How can I aggregate my MongoDB results by ObjectId date. Example:
Default cursor results:
cursor = [
{'_id': ObjectId('5220b974a61ad0000746c0d0'),'content': 'Foo'},
{'_id': ObjectId('521f541d4ce02a000752763a'),'content': 'Bar'},
{'_id': ObjectId('521ef350d24a9b00077090a5'),'content': 'Baz'},
]
Projected results:
projected_cursor = [
{'2013-09-08':
{'_id': ObjectId('5220b974a61ad0000746c0d0'),'content': 'Foo'},
{'_id': ObjectId('521f541d4ce02a000752763a'),'content': 'Bar'}
},
{'2013-09-07':
{'_id': ObjectId('521ef350d24a9b00077090a5'),'content': 'Baz'}
}
]
This is what I'm currently using in PyMongo to achieve these results, but it's messy and I'd like to see how I can do it using MongoDB's aggregation framework (or even MapReduce):
cursor = db.find({}, limit=10).sort("_id", pymongo.DESCENDING)
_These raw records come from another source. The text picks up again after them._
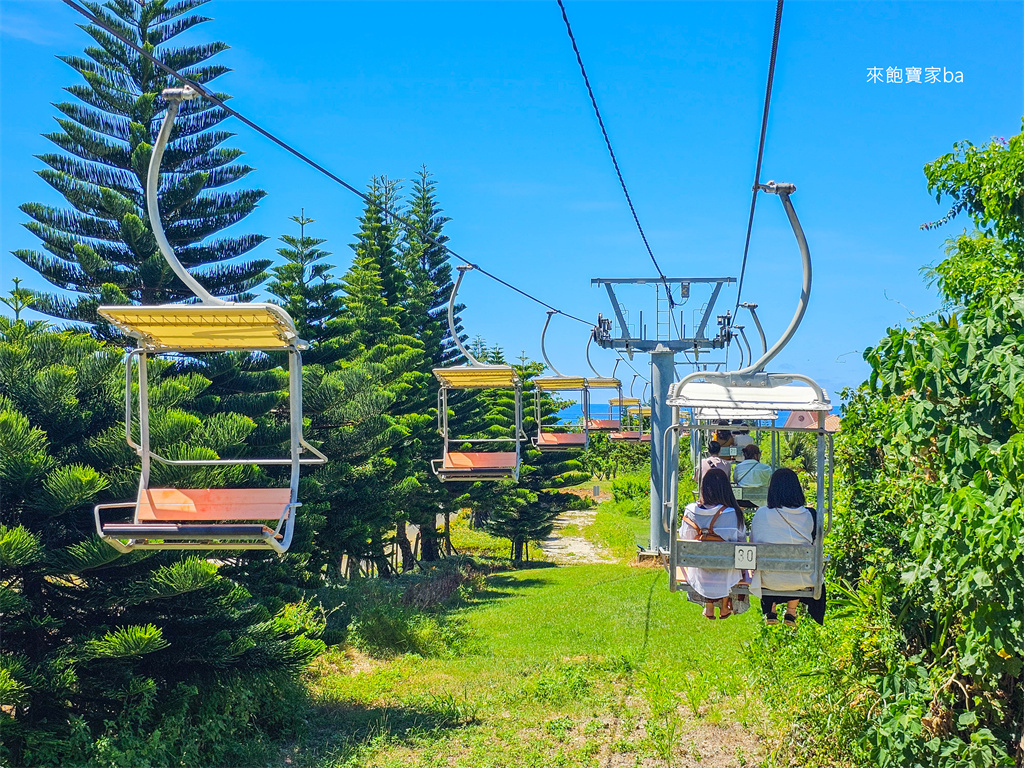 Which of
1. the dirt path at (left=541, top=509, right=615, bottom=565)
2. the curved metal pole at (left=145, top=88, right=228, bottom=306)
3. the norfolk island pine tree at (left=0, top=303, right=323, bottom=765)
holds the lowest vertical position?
the dirt path at (left=541, top=509, right=615, bottom=565)

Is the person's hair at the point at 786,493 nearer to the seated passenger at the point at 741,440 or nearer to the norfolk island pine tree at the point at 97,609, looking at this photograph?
the seated passenger at the point at 741,440

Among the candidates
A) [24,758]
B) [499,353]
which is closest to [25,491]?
[24,758]

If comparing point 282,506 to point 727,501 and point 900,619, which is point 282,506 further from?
point 900,619

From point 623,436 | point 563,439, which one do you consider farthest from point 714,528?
point 623,436

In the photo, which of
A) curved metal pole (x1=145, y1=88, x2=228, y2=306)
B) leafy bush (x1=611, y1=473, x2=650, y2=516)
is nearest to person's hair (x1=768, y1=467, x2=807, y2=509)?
curved metal pole (x1=145, y1=88, x2=228, y2=306)

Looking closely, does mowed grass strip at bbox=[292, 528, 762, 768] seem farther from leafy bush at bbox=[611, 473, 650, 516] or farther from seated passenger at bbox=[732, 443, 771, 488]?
leafy bush at bbox=[611, 473, 650, 516]

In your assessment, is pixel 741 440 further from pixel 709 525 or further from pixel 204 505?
pixel 204 505

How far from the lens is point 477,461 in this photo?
11.4 meters

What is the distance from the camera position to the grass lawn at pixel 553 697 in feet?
30.1

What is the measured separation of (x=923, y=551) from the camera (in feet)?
17.7

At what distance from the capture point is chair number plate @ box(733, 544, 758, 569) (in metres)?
5.95

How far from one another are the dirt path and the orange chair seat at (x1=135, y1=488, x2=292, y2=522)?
2394 cm

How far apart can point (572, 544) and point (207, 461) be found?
2881cm

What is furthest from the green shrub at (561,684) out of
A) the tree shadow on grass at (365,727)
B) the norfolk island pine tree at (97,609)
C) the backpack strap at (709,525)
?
the backpack strap at (709,525) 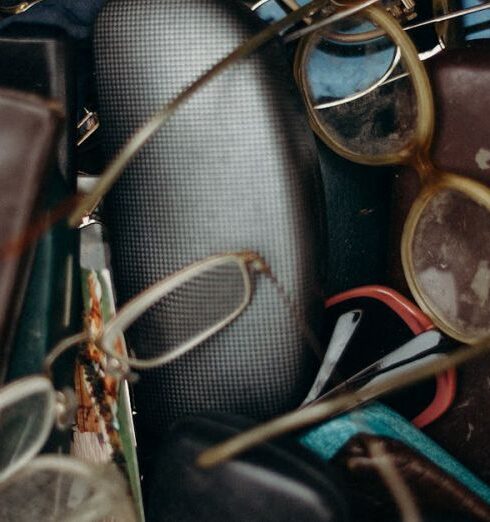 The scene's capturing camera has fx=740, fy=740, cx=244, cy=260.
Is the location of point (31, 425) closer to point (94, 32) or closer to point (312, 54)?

messages = [x for x in cursor]
this_date = lambda x: x['_id'].generation_time.date()
dates = set([this_date(message) for message in messages])
dates_dict = {date: [m for m in messages if this_date(m) == date] for date in dates}
And yes, I know that the easiest way would be to simply add a new date field to each record then aggregate by that, but that's not what I want to do right now.
Thanks!
There is no way to accomplish what you're asking with mongodb's
aggregation framework, because there is no aggregation operator that
can turn ObjectId's into something date-like (there is a JIRA
ticket, though). You
should be able to accomplish what you want using map-reduce, however:
// map function
function domap() {
// turn ObjectId --> ISODate
var date = this._id.getTimestamp();
// format the date however you want
var year = date.getFullYear();
var month = date.getMonth();
var day = date.getDate();
// yields date string as key, entire document as value
emit(year+"-"+month+"-"+day, this);
}
// reduce function
function doreduce(datestring, docs) {
return {"date":datestring, "docs":docs};
}
So this doesn't answer my question directly, but I did find a better way to replace all that lambda nonsense above using Python's setdefault
:
d = {}
for message in messages:
key = message['_id'].generation_time.date()
d.setdefault(key,[]).append(message)
Thanks to @raymondh for the hint in is PyCon talk:
Transforming Code into Beautiful, Idiomatic Python
The Jira Ticket pointed out by llovett has been solved, so now you can use date operators like $isoWeek
and $year
to extract this information from an ObjectId
.
Your aggregation would look something like this:
{
"$project":
{
"_id": {
"$dateFromParts" : {
"year": { "$year": "$_id"},
"month": { "$month": "$_id"},
"day": { "$dayOfMonth": "$_id"}
}
}
}
}